Superkicks and the photon angular and linear momentum density

TL;DR

This paper investigates the proper definition of electromagnetic momentum density in structured light fields, revealing significant differences between canonical and symmetric energy-momentum tensors with implications for light-matter interactions.

Contribution

It demonstrates that using the canonical energy-momentum tensor leads to different predictions for momentum and angular momentum than the symmetric tensor, impacting the understanding of light-induced forces.

Findings

Canonical and symmetric tensors produce drastically different recoil momenta.

Numerical estimates show significant effects on small objects and atomic rotors.
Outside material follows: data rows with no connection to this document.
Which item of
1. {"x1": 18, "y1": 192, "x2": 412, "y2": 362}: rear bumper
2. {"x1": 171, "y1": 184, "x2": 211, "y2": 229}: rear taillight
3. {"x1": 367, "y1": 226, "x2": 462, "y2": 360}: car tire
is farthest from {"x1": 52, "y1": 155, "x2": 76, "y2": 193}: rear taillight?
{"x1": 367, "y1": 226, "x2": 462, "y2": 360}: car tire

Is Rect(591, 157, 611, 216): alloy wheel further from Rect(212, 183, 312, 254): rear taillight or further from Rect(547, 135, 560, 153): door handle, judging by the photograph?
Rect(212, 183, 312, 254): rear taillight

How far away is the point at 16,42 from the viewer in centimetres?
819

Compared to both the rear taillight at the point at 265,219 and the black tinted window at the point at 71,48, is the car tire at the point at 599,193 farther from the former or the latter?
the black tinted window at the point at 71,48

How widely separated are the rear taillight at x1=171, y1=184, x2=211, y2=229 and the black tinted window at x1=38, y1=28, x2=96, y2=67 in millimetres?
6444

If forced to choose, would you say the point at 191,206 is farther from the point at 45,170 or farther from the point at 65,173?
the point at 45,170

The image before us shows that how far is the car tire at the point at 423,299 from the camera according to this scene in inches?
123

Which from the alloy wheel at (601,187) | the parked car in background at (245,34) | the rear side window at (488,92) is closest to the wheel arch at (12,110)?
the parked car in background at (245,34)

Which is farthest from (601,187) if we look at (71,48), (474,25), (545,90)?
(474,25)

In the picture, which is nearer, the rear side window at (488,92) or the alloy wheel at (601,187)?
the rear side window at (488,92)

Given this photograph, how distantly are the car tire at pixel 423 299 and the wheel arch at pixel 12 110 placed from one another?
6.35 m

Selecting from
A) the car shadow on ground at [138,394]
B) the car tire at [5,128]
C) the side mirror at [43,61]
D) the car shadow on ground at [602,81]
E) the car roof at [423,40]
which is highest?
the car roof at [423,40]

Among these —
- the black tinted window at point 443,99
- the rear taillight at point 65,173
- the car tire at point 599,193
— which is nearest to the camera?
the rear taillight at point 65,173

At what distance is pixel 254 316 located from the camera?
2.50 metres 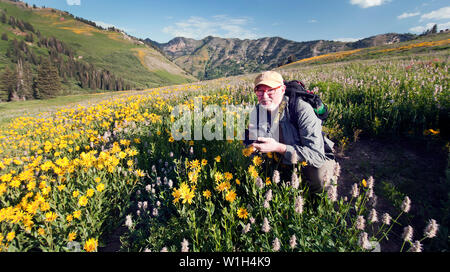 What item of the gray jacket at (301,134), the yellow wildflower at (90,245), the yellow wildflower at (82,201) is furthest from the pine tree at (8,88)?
the gray jacket at (301,134)

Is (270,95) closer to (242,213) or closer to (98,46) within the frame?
(242,213)

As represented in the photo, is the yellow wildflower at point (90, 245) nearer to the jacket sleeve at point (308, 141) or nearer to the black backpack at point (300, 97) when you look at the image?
the jacket sleeve at point (308, 141)

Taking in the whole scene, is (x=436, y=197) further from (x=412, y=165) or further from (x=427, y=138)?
(x=427, y=138)

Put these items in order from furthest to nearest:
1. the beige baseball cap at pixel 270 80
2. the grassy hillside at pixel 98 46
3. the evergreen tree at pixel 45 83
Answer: the grassy hillside at pixel 98 46
the evergreen tree at pixel 45 83
the beige baseball cap at pixel 270 80

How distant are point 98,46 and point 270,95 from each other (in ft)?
687

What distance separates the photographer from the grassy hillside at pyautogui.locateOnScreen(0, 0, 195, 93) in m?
144

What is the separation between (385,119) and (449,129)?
895 millimetres

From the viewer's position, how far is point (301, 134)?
2574 millimetres

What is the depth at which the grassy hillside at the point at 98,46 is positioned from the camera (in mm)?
143562

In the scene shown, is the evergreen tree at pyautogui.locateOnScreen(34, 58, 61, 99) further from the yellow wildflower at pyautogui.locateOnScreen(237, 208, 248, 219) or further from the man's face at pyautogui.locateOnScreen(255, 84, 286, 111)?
the yellow wildflower at pyautogui.locateOnScreen(237, 208, 248, 219)

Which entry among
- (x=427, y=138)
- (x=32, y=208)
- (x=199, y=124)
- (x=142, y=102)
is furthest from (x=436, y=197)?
(x=142, y=102)

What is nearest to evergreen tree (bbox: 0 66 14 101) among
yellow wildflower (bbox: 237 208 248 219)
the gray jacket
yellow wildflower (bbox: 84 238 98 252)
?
yellow wildflower (bbox: 84 238 98 252)

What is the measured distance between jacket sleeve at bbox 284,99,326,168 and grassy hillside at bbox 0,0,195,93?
145m

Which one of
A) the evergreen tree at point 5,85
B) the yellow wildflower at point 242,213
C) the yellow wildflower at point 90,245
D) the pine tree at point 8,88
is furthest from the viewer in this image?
the pine tree at point 8,88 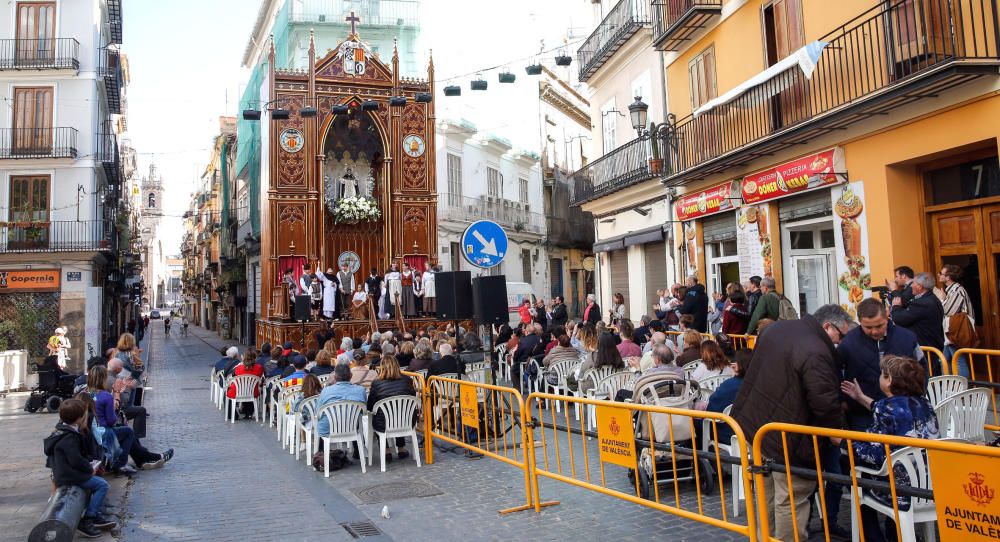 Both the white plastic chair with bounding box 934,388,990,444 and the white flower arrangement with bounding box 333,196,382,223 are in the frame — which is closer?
the white plastic chair with bounding box 934,388,990,444

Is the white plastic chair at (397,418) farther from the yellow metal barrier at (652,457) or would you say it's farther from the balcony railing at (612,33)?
the balcony railing at (612,33)

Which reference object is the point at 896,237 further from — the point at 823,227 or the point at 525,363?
the point at 525,363

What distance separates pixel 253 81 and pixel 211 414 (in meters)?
21.8

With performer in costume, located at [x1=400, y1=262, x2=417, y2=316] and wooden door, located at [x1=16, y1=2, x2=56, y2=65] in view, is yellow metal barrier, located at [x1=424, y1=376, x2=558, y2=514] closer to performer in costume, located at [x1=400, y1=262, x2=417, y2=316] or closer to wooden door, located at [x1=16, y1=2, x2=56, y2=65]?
performer in costume, located at [x1=400, y1=262, x2=417, y2=316]

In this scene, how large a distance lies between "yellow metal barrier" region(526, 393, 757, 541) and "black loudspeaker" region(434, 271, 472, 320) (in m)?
1.87

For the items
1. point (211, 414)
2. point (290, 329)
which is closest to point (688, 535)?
point (211, 414)

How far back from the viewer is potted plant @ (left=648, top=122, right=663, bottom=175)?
16453mm

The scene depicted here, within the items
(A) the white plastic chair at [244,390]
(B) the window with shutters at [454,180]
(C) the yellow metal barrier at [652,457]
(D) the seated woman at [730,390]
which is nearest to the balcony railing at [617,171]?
(A) the white plastic chair at [244,390]

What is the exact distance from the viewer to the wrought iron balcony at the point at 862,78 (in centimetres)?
859

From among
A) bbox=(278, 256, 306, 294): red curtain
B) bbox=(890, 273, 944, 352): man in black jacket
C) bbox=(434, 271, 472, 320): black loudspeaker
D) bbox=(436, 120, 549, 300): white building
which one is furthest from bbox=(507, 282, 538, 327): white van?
bbox=(890, 273, 944, 352): man in black jacket

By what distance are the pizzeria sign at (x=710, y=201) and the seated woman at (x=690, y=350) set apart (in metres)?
5.89

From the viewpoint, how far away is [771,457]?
413 centimetres

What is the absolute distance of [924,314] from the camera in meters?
7.61

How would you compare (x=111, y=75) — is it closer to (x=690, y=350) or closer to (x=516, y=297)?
(x=516, y=297) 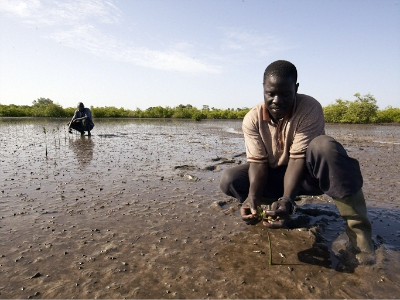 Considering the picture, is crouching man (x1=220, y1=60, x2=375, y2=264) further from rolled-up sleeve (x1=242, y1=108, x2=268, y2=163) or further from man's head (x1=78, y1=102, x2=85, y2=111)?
man's head (x1=78, y1=102, x2=85, y2=111)

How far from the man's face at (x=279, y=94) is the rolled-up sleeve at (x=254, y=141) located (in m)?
0.23

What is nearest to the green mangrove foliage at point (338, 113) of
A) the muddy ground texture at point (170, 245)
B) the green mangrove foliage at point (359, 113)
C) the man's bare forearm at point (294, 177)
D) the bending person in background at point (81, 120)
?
the green mangrove foliage at point (359, 113)

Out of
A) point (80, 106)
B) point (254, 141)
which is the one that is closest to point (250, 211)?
point (254, 141)

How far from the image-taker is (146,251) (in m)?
2.09

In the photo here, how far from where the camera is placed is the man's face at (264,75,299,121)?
2.12 metres

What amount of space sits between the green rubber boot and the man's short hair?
100 cm

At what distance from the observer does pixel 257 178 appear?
230 cm

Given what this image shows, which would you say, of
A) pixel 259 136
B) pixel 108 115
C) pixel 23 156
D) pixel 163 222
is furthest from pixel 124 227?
pixel 108 115

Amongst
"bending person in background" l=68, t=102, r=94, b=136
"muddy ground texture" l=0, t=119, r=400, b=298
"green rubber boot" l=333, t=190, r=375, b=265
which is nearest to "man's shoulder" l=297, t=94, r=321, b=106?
"green rubber boot" l=333, t=190, r=375, b=265

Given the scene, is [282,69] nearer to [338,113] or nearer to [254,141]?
[254,141]

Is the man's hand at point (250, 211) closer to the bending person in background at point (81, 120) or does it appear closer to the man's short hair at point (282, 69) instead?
the man's short hair at point (282, 69)

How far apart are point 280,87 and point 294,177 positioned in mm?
702

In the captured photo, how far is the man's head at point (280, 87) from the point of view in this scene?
2123mm

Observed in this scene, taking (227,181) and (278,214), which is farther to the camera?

Implications for the interpretation of light's momentum in structured electromagnetic fields.

Abstract

We address a problem of proper definition of momentum density for spatially structured electromagnetic fields. We show that the expressions for the momentum and angular momentum obtained locally are not the same when one uses the canonical energy-momentum tensor instead of the symmetric Belinfante energy-momentum tensor in electrodynamics. This has important consequences for interaction of matter with structured light, for example, twisted photons; and would give drastically different results for forces and angular momenta induced on small test objects. We show, with numerical estimates of the size of the effects, situations where the canonical and symmetrized forms induce very different torques or (superkick) recoil momenta on small objects or atomic rotors, over a broad range of circumstances.